▶ About this exercise:
Given the entries that follow, write out exactly the lines starting at the one containing "2. Natalie Portman" and ending at the one containing "8039 W GEORGIA Avenue, Glendale, AZ 85303", both ends included, and only those.

▶ Dataset extract:
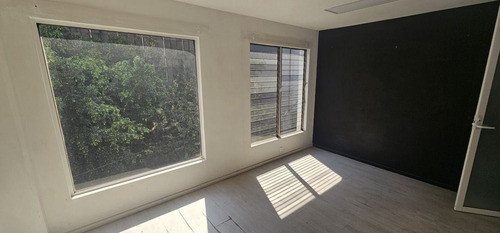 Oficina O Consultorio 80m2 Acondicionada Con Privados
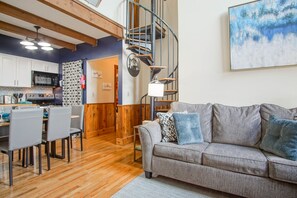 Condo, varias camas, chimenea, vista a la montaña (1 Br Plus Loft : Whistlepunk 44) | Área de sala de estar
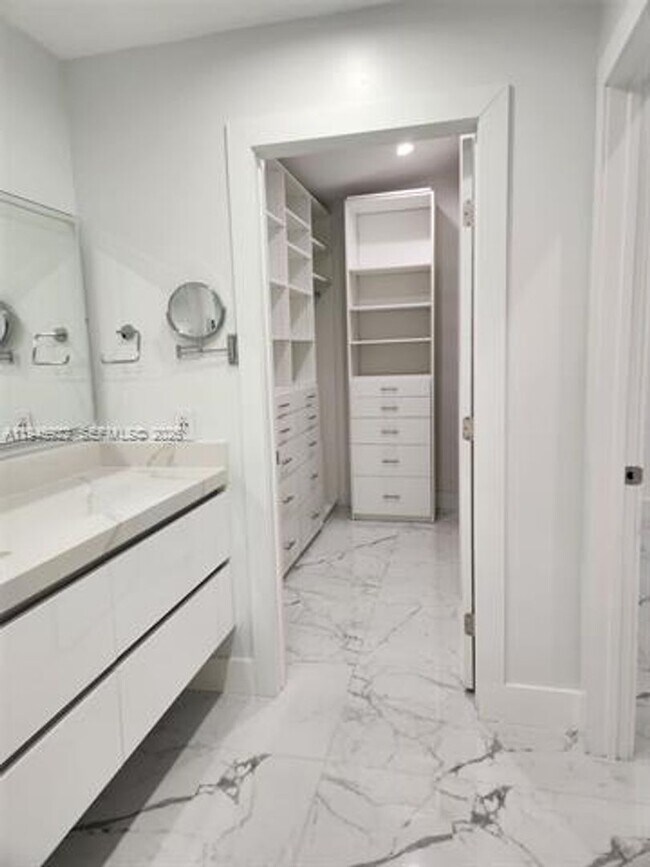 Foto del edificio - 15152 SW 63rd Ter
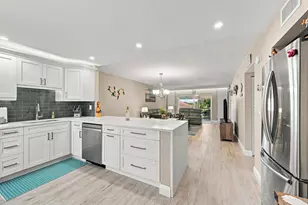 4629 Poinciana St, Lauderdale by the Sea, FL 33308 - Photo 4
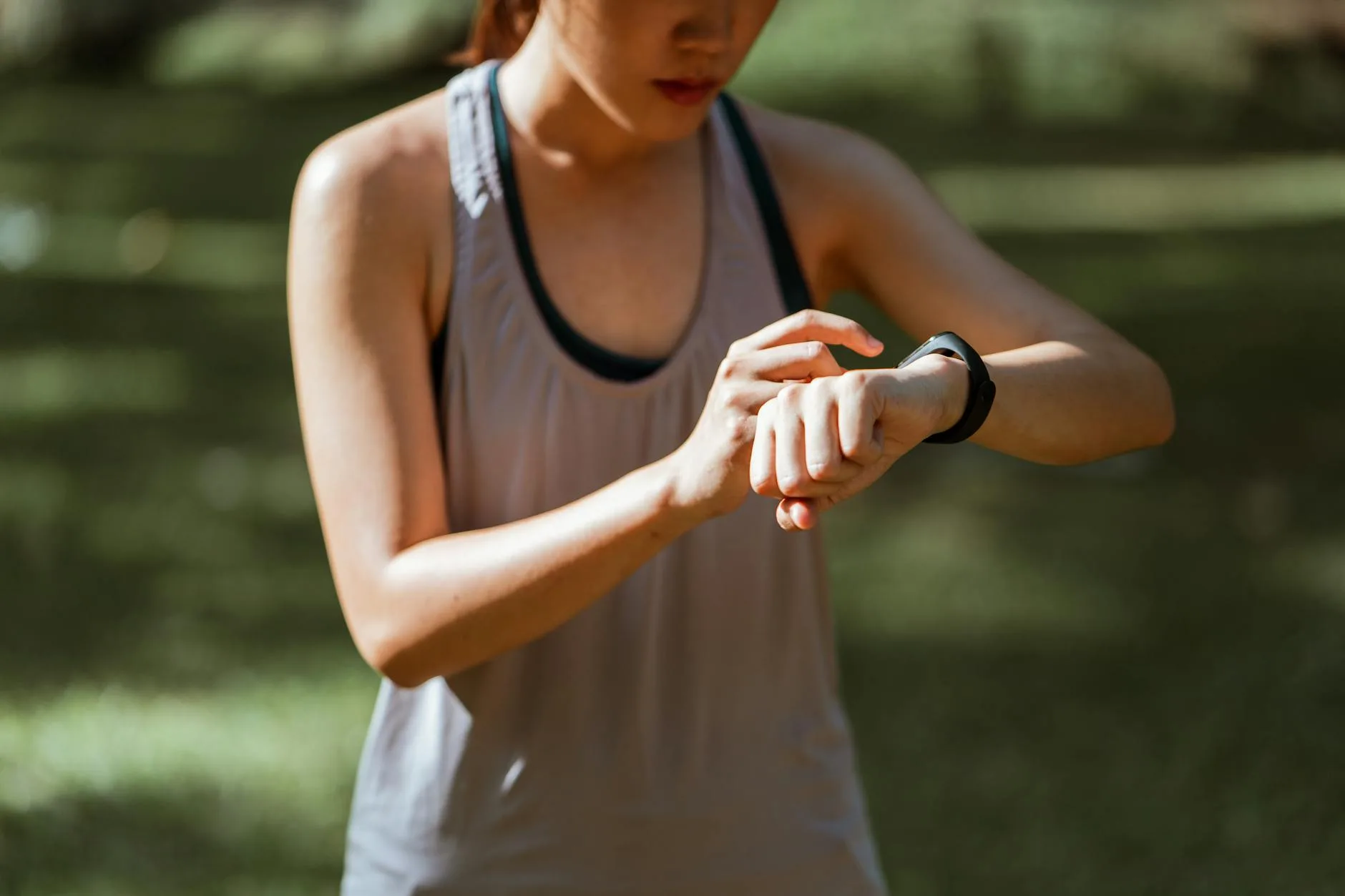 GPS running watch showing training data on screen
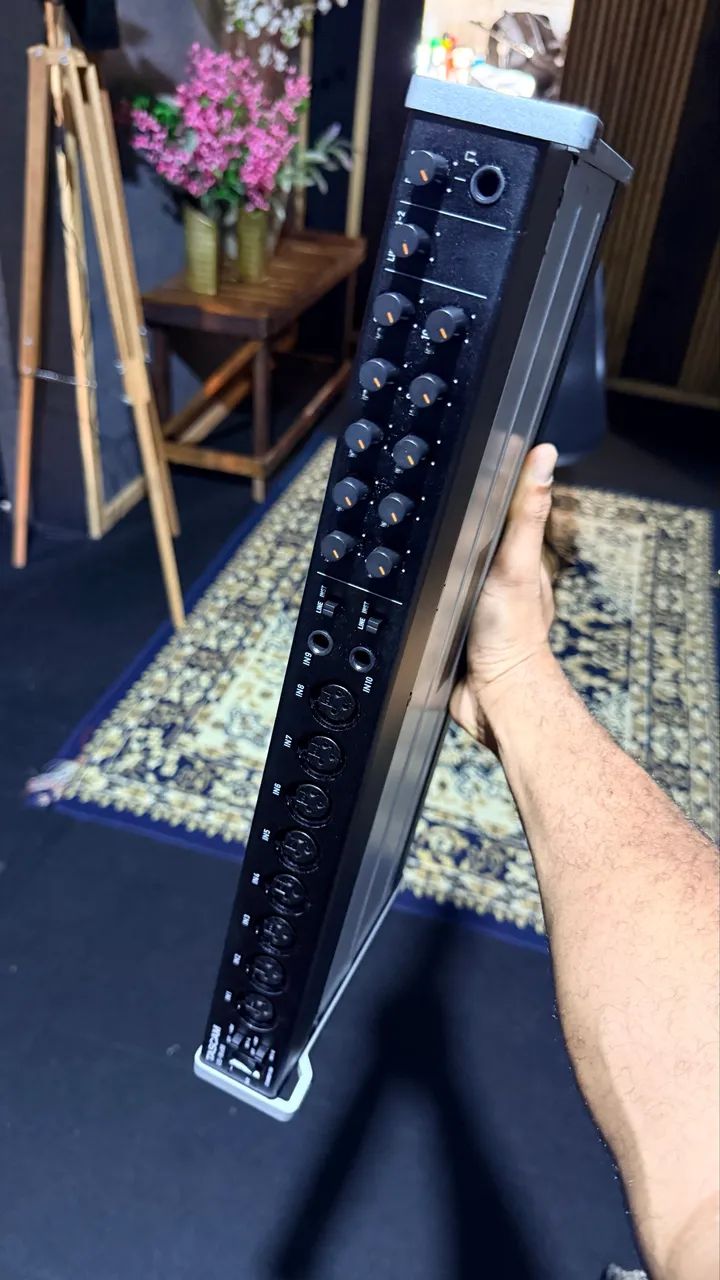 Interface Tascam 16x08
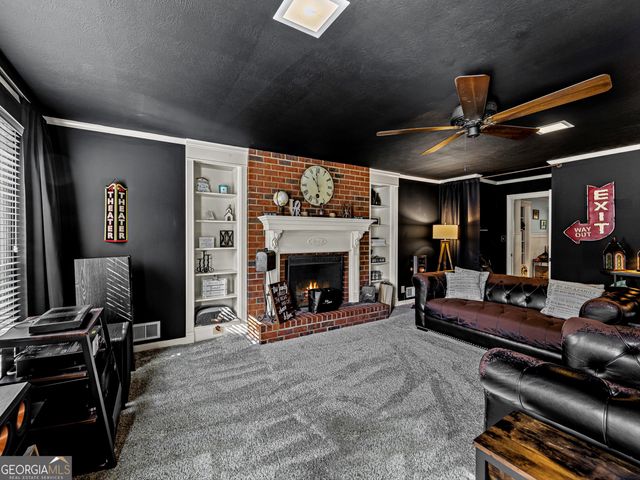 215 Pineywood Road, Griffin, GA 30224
...
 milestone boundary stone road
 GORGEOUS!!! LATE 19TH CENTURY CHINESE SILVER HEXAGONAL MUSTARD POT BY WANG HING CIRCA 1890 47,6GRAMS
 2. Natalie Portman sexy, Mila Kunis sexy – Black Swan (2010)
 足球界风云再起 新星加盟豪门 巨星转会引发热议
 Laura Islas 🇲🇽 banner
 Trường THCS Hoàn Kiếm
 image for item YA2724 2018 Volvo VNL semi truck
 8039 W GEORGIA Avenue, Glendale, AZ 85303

▶ Solution to this task:
 2. Natalie Portman sexy, Mila Kunis sexy – Black Swan (2010)
 足球界风云再起 新星加盟豪门 巨星转会引发热议
 Laura Islas 🇲🇽 banner
 Trường THCS Hoàn Kiếm
 image for item YA2724 2018 Volvo VNL semi truck
 8039 W GEORGIA Avenue, Glendale, AZ 85303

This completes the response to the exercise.